------ Exercise data

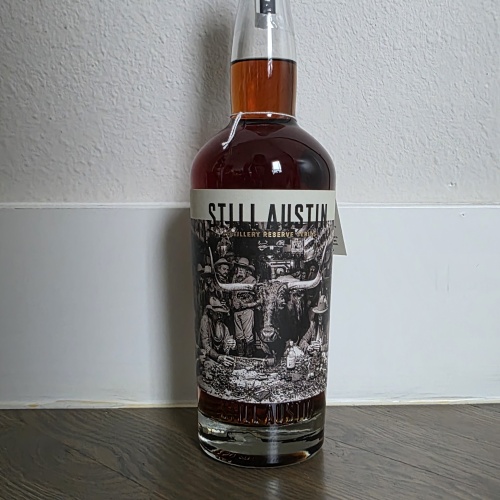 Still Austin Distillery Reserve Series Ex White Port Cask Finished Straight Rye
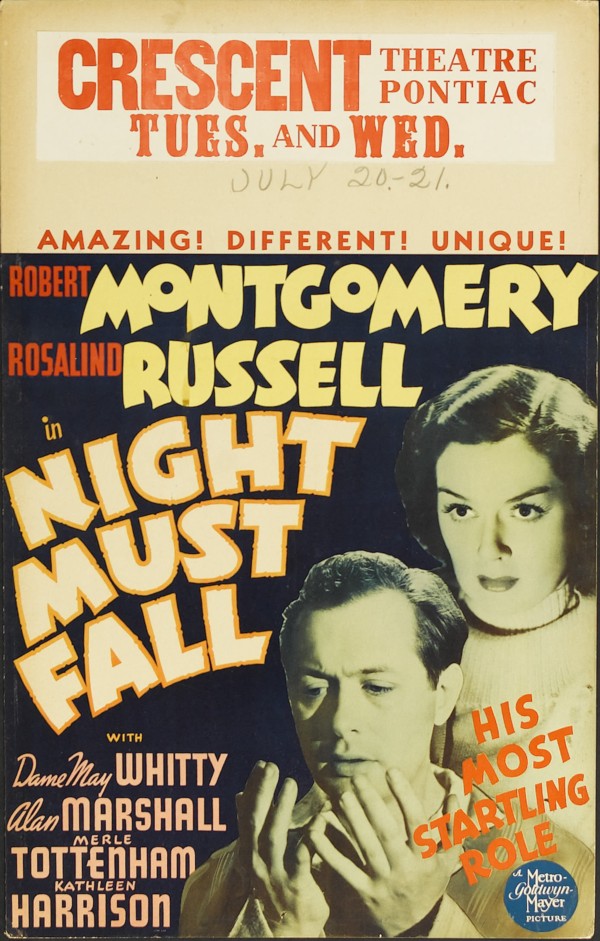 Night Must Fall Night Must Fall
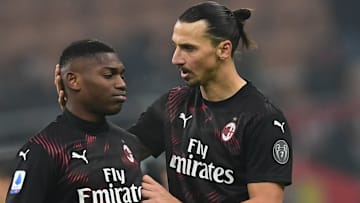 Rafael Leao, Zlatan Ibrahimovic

------------
------ Exercise data

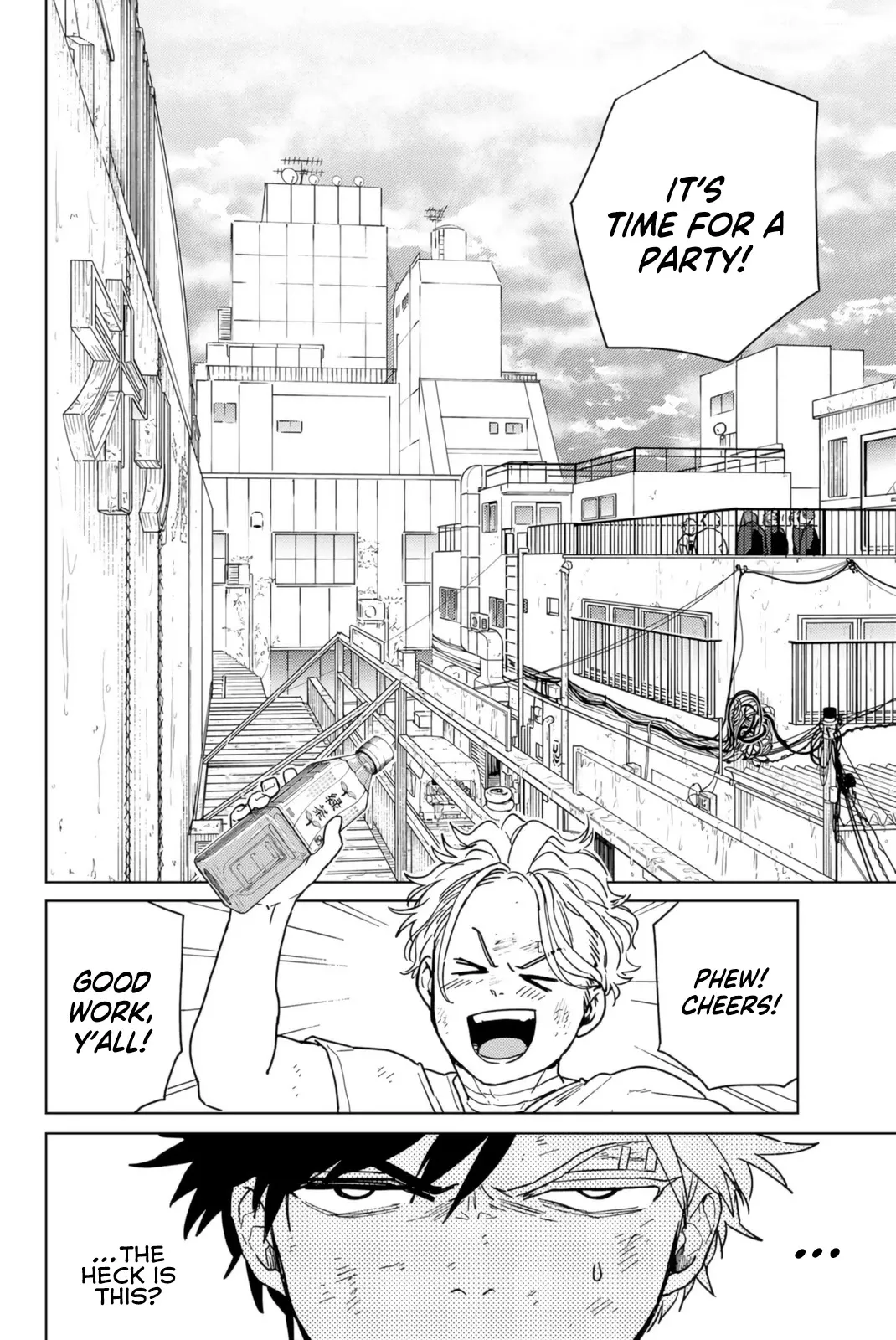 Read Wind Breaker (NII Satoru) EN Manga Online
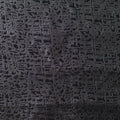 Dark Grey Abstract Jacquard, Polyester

------------

* What you will do
Pictures are to be left out. Write out only the lines above starting at the one with "Still Austin Distillery" and ending at the one with "Rafael Leao, Zlatan Ibrahimovic", both lines included, exactly.

* Exercise solution
 Still Austin Distillery Reserve Series Ex White Port Cask Finished Straight Rye
 Night Must Fall Night Must Fall
 Rafael Leao, Zlatan Ibrahimovic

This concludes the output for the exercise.